● **Supplied data**:

--- --- ---

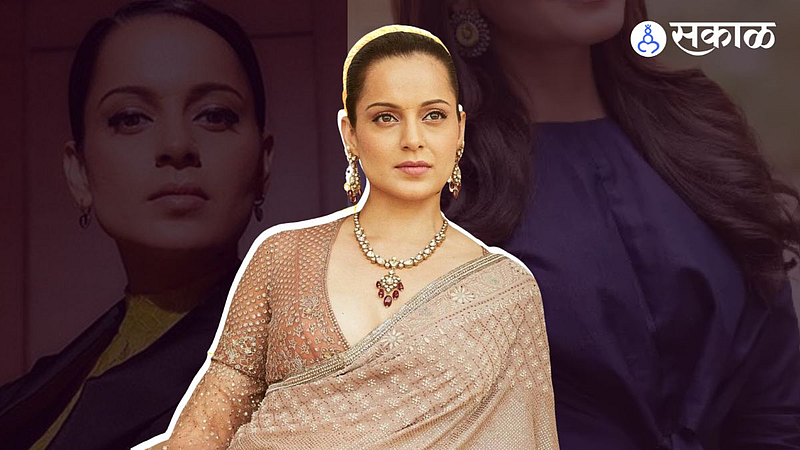 Kangana Ranut Praises Bollywood Actress..Read details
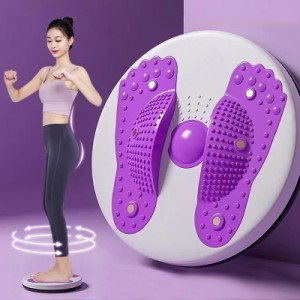 Atletisk fitnessfamilj i grossistledet som använder fotmassager för fritid magnetisk terapi 3D shiatsu massage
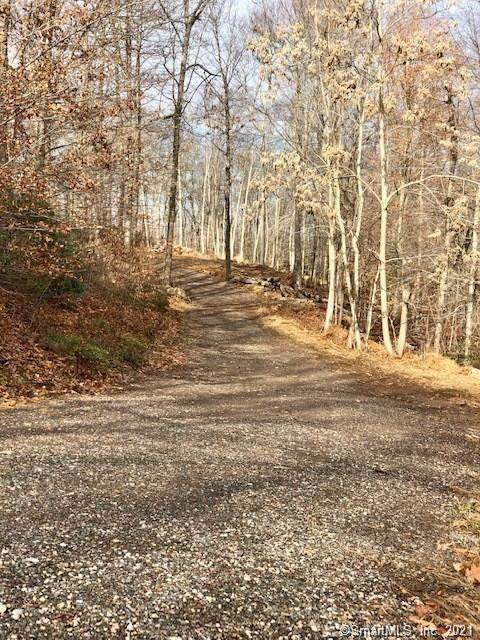 468 Moodus Road - Photo 1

--- --- ---

The answer must be the whole listing, word for word, with no pictures in it. Please write it out.

● **Solution to the exercise**:
 Kangana Ranut Praises Bollywood Actress..Read details
 Atletisk fitnessfamilj i grossistledet som använder fotmassager för fritid magnetisk terapi 3D shiatsu massage
 468 Moodus Road - Photo 1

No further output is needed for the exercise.